The full panel of the U.S. Court of Appeals for the 11th Circuit struck down the Florida law restricting physicians from speaking to patients and families about the risks of guns in the home. The case, Wollschlaeger v. Scott, was filed on June 6, 2011, challenged the Florida law, which could censor, fine and revoke the licenses of physicians if the Florida Board of Medicine determined whether the physician violated the law.
The American Medical Association along with several other major medical societies opposed the gun-gag law arguing it infringed on the First Amendment right of physicians to discuss gun safety, especially when patients have children who may happen across a loaded, unsecured firearm in the home.
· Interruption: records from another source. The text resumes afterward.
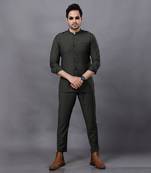 Military Green AJ Style Shirt Pant Set
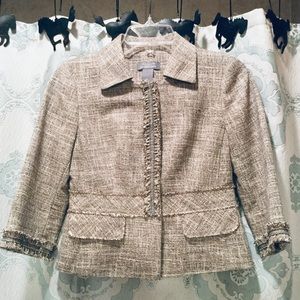 Ann Taylor cream tweed sport coat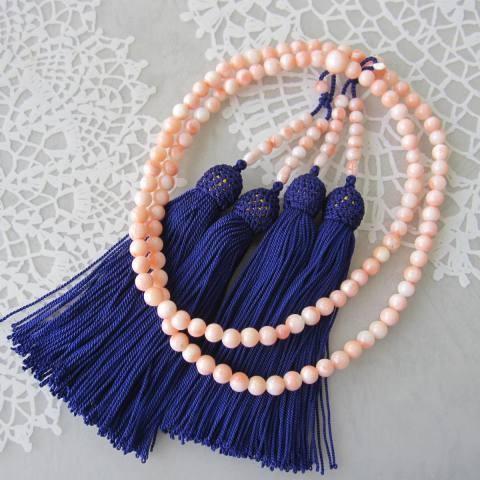 ピンク珊瑚の数珠（念珠）（真言宗）・二輪/（約5.7ミリ）/『宝石サンゴ』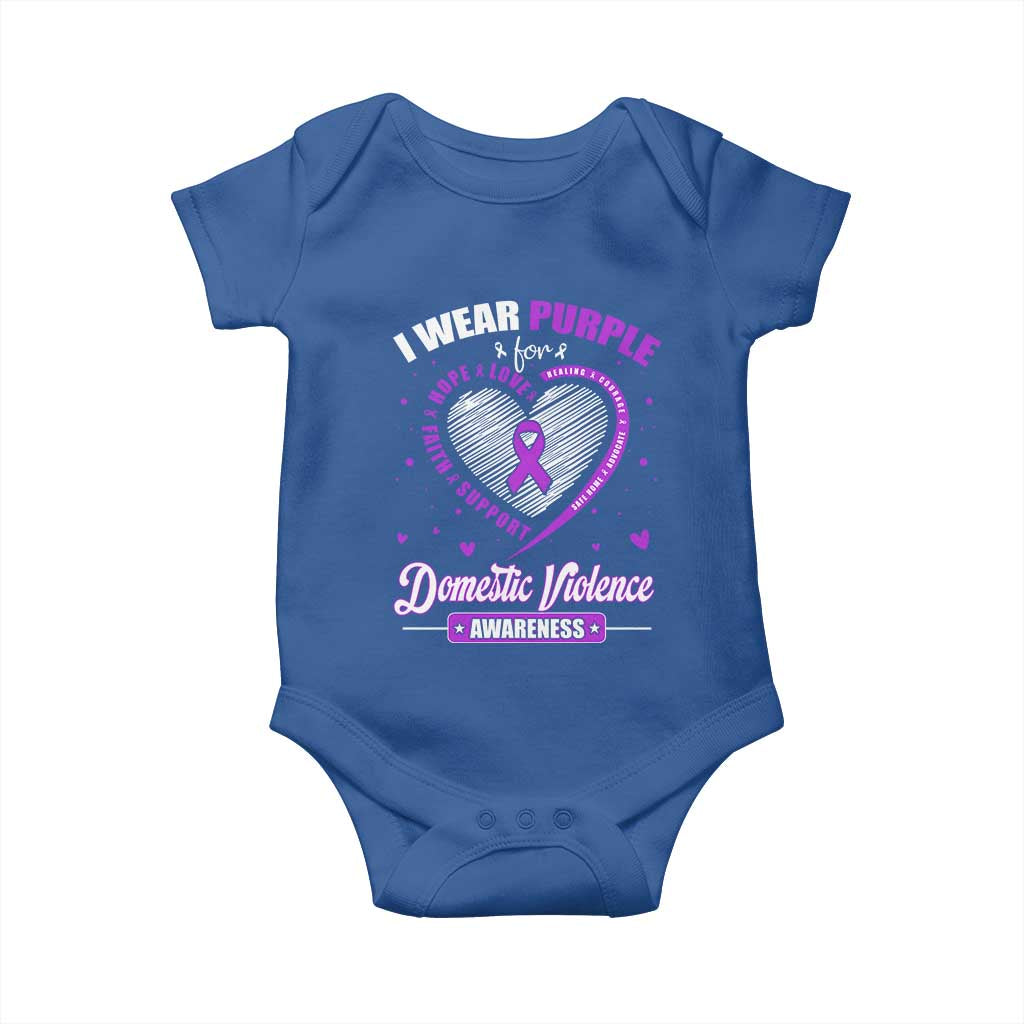 Domestic Violence Awareness Baby Onesie Purple Ribbon Support Survivor - Wonder Print Shop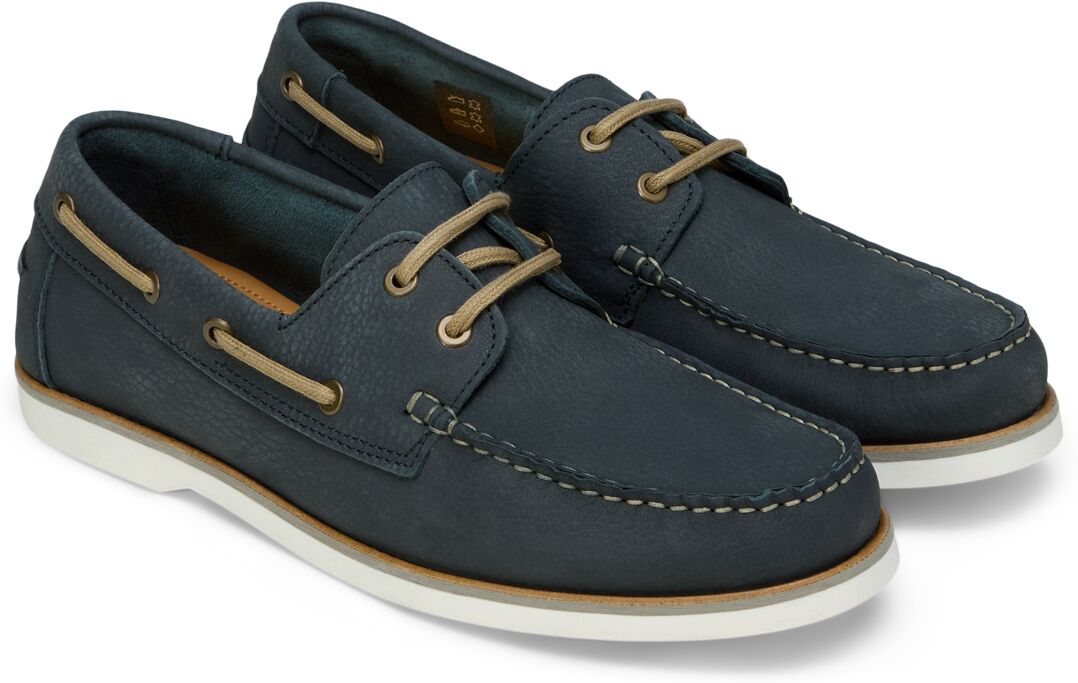 Marc O' Polo Mokassin MARC O'POLO "Nadal", Herren, Gr. 40, blau (dunkelblau), Nubukleder, kontrastfarbene Details, Schuhe Mokassin, Slipper, Sommerschuh, Flat mit Memory Foam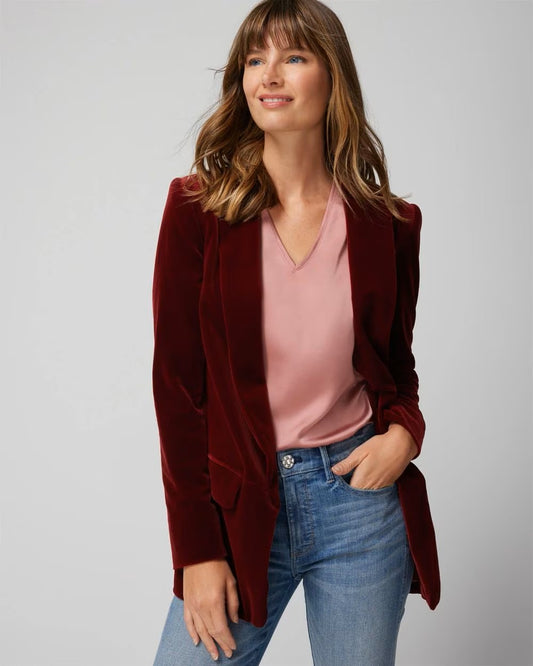 WHBM Burgundy Velvet Editor Blazer Sz 6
The law banned asking gun ownership questions except when deemed clinically necessary and forbade physicians from recording whether a patient owned a weapon in the medical chart claiming that the question was discriminating and harassing of gun owners.
“There was no evidence whatsoever before the Florida legislature that any doctors or medical professionals have taken away patients’ firearms or otherwise infringed on patients’ Second Amendment rights,” the court said, noting that lawmakers based their measure on six anecdotes about medical gun questions in a state with more than 18 million residents. “There is no actual conflict between the First Amendment rights of doctors and medical professionals and the Second Amendment rights of patients that justifies FOPA’s…restrictions on speech.”
The continuation of the law would have prohibited a simple conversation in the physician’s office that can save lives. Research has shown that when physicians offer guidance on gun locks and safe storage, appropriate to a child’s specific age and development, it is more likely that families will take those necessary steps.
“Pediatricians routinely counsel families about safety issues, including firearm safety, as part of anticipatory guidance, in order to reduce risk of injury to children,” said Cathy Wood, M.D., FAAP, president of the Alabama Chapter of the American Academy of Pediatrics. “Florida’s ‘gun’ law was an assault on physicians’ right to counsel their patients. We are thankful for this court decision and the hard work of the pediatricians and other physicians in Florida that worked to protect this right, not just in Florida but hopefully for all states.”